Après une introduction toute en humilité et un rappel du poids de l’industrie automobile en Europe, l’ACEA et les autres signataires du courrier entament un numéro dans lequel ils excellent : celui de la victimisation. Leur secteur est, estiment-ils, particulièrement impacté par la crise sanitaire. Notons au passage que de très nombreux secteurs pourraient en dire tout autant – ce que beaucoup font d’ailleurs, mais souvent avec un peu plus de retenue.

Pas ingrats, les lobbies de l’automobile accueillent favorablement les mesures décidées et recommandées par la Commission européenne pour aider les acteurs économiques à faire face aux conséquences de la crise sanitaire – tout en réclamant, au passage, un accès accru aux liquidités pour les entreprises.

Tout ceci, bien sûr, ne constituait qu’une mise en bouche. L’ingestion de ce qui suit requiert un estomac à toute épreuve. Bien sûr, assurent les constructeurs, leur intention n’est nullement de remettre en cause la législation établissant leurs obligations en termes de sécurité routière, de climat et d’environnement. Bien sûr. Qui en douterait ? Il n’empêche que … quelques ajustements devraient être apportés aux calendriers d’entrée en vigueur de ces législations. Ceci, comprenez bien, dans un but tout à fait désintéressé : permettre à notre société de mener la double transformation de la décarbonisation et de la digitalisation.

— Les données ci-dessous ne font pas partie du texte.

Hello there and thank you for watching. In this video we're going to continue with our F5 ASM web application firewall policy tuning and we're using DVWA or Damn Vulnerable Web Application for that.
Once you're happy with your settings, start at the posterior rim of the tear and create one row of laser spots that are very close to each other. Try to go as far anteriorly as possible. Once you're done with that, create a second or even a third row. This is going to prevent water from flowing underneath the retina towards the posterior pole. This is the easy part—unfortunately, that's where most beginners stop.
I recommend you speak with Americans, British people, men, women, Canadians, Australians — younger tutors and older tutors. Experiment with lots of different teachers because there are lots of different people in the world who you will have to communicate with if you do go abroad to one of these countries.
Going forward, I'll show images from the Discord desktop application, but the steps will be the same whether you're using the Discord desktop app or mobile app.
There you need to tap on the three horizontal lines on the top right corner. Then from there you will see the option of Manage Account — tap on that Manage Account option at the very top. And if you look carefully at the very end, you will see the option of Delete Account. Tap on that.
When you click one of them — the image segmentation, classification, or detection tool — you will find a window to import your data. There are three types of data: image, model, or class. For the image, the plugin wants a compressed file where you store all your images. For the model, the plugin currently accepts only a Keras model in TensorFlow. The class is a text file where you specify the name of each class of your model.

Les personnes non averties ne percevant peut-être pas toute la sournoiserie de la démarche, un mot d’explication s’impose. Attachons-nous donc à identifier en quoi la législation européenne appliquant (sans grande ambition) l’objectif climatique au secteur automobile pourrait, en ces temps de crise sanitaire, nuire au secteur.

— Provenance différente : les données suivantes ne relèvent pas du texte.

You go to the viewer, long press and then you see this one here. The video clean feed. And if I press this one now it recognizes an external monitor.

Le règlement (UE) 2019/631 fixe aux constructeurs d’automobiles des objectifs de réduction des émissions de CO2 des voitures neuves vendues en Europe, en cohérence avec les législations précédentes adoptées en 2009 et en 2014. Les objectifs pour les années 2020 et 2021 sont connus depuis 2014 : la moyenne des émissions de CO2 des voitures neuves vendues en Europe ne pourra pas être supérieure 95 gCO2/km. Cet objectif ne concerne que 95% des ventes en 2020 (les constructeurs peuvent en exclure les 5% de voitures les plus émettrices) et s’applique à 100% des ventes en 2021. Ce qu’il faut bien comprendre, c’est que l’objectif ne dépend pas du nombre de voitures vendues (il s’agit d’une moyenne calculée sur l’ensemble des voitures vendues, quel que soit leur nombre), mais de leur type (les voitures plus lourdes, plus puissantes, consomment plus d’énergie et émettent donc plus de CO2). Et c’est là que réside le souci des constructeurs : depuis des années, ils ont incité les citoyens à acheter des voitures inutilement lourdes, puissantes, rapides, peu aérodynamiques. Ils ont multiplié le nombre de modèles de type « SUV ». Bref, ils ont eux-mêmes créé des conditions défavorables à l’atteinte des objectifs climatiques.

La crise sanitaire ne devrait en rien leur compliquer la tâche. Que du contraire, même. Cette crise va réduire – a déjà réduit – les moyens financiers de millions d’Européen.ne.s. Avec deux conséquences immédiates sur les achats de voitures neuves : (a) le report de l’achat à plus tard pour certain.e.s (ce qui n’aura pas d’impact sur la moyenne des émissions) et (b) l’achat d’un véhicule plus modeste pour d’autres. Or, les véhicules plus modestes, moins chers, moins lourds, moins puissants (qui sont aussi moins dangereux, soit dit en passant) émettent moins de CO2. Ainsi, suite à la crise financière de 2008 – 2009, la moyenne des émissions de CO2 des véhicules neufs vendus en Europe a baissé de 5,1% sur un an – ce qui ne s’était jamais vu et ne s’est plus jamais vu depuis.

Résumons-nous. La crise sanitaire endeuille des milliers de familles en Europe. Elle entraîne d’innombrables souffrances. Il est impossible, à l’heure actuelle, d’en établir toute les conséquences humaines, sociales, culturelles, économiques. Pas gênés pour un sou, l’ACEA et ses pairs prennent prétexte de cette crise majeure pour demander un report des objectifs climatiques que leur assigne la législation européenne (comme si le défi climatique pouvait attendre). Alors même que si cette crise produit un effet sur lesdits objectifs, ce sera de faciliter leur respect par les constructeurs.

On a beau être habitué, il y a des jours où ces comportements odieux deviennent juste insupportables.